I’m attempting to load the WiC dataset given to me for a class final project to fine-tune a BERT model but keep getting errors.
I think it could be a problem with getitems but I’m not certain how I would change that to fit this dataset.
My Code is:
from transformers import BertTokenizer, BertForSequenceClassification, TrainingArguments, Trainer
from datasets import load_dataset
import torch
dataset = load_dataset('json', data_files={'train': 'train.jsonl', 'test': 'test.jsonl'})
train_texts, train_labels = dataset['train'], dataset['train']['label']
test_texts, test_labels = dataset['test'], dataset['test']['label']
encoded_dataset_train = train_texts.map(lambda examples: tokenizer(examples['sentence1']), batched=True)
encoded_dataset_test = test_texts.map(lambda examples: tokenizer(examples['sentence1']), batched=True)
class WiCDataset(torch.utils.data.Dataset):
def __init__(self, encodings, labels):
self.encodings = encodings
self.labels = labels
def __getitem__(self, idx):
item = {key: torch.tensor(val[idx]) for key, val in self.encodings.items()}
item['labels'] = torch.tensor(self.labels[idx])
return item
def __len__(self):
return len(self.labels)
train_dataset = WiCDataset(encoded_dataset_train, train_labels)
test_dataset = WiCDataset(encoded_dataset_test, test_labels)
training_args = TrainingArguments("test_trainer")
trainer = Trainer(
model=model, args=training_args, train_dataset=train_dataset, eval_dataset=test_dataset)
trainer.train()
Returns the output:
---------------------------------------------------------------------------
AttributeError Traceback (most recent call last)
~\AppData\Local\Temp/ipykernel_15176/367029658.py in <module>
3 model=model, args=training_args, train_dataset=train_dataset, eval_dataset=test_dataset)
4
----> 5 trainer.train()
c:\users\kjp19\appdata\local\programs\python\python38\lib\site-packages\transformers\trainer.py in train(self, resume_from_checkpoint, trial, ignore_keys_for_eval, **kwargs)
1288 self.control = self.callback_handler.on_epoch_begin(args, self.state, self.control)
1289
-> 1290 for step, inputs in enumerate(epoch_iterator):
1291
1292 # Skip past any already trained steps if resuming training
c:\users\kjp19\appdata\local\programs\python\python38\lib\site-packages\torch\utils\data\dataloader.py in __next__(self)
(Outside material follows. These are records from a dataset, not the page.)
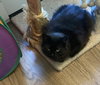 Raven - Photo 4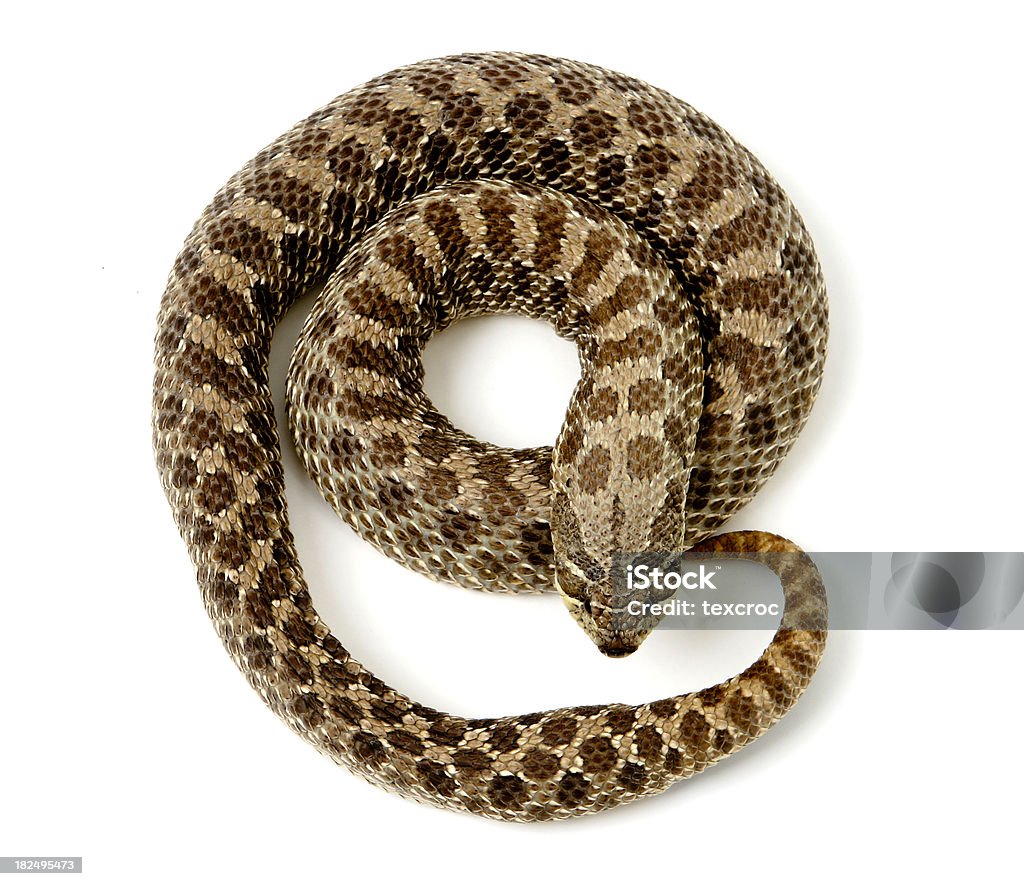 Завитые Hognose Snake - Стоковые фото Без людей роялти-фри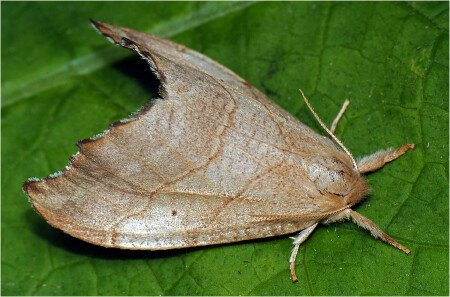 Серпокрылка &amp;quot;Сухой лист&amp;quot;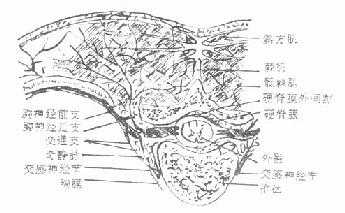 经过第4胸椎横切面,表示脊神经后支的分布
519 if self._sampler_iter is None:
520 self._reset()
--> 521 data = self._next_data()
522 self._num_yielded += 1
523 if self._dataset_kind == _DatasetKind.Iterable and \
c:\users\kjp19\appdata\local\programs\python\python38\lib\site-packages\torch\utils\data\dataloader.py in _next_data(self)
559 def _next_data(self):
560 index = self._next_index() # may raise StopIteration
--> 561 data = self._dataset_fetcher.fetch(index) # may raise StopIteration
562 if self._pin_memory:
563 data = _utils.pin_memory.pin_memory(data)
c:\users\kjp19\appdata\local\programs\python\python38\lib\site-packages\torch\utils\data\_utils\fetch.py in fetch(self, possibly_batched_index)
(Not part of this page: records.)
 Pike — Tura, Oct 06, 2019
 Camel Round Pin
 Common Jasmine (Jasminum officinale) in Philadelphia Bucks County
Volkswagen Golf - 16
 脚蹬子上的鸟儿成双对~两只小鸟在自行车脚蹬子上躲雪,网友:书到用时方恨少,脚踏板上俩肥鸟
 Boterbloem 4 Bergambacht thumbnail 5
42 def fetch(self, possibly_batched_index):
43 if self.auto_collation:
---> 44 data = [self.dataset[idx] for idx in possibly_batched_index]
45 else:
46 data = self.dataset[possibly_batched_index]
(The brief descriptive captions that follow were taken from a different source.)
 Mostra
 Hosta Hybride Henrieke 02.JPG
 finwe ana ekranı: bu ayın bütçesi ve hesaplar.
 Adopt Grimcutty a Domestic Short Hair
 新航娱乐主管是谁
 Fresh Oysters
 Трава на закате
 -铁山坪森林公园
c:\users\kjp19\appdata\local\programs\python\python38\lib\site-packages\torch\utils\data\_utils\fetch.py in <listcomp>(.0)
42 def fetch(self, possibly_batched_index):
43 if self.auto_collation:
---> 44 data = [self.dataset[idx] for idx in possibly_batched_index]
45 else:
46 data = self.dataset[possibly_batched_index]
~\AppData\Local\Temp/ipykernel_15176/2427074494.py in __getitem__(self, idx)
13
14 def __getitem__(self, idx):
---> 15 item = {key: torch.tensor(val[idx]) for key, val in self.encodings.items()}
16 item['labels'] = torch.tensor(self.labels[idx])
17 return item
AttributeError: 'Dataset' object has no attribute 'items'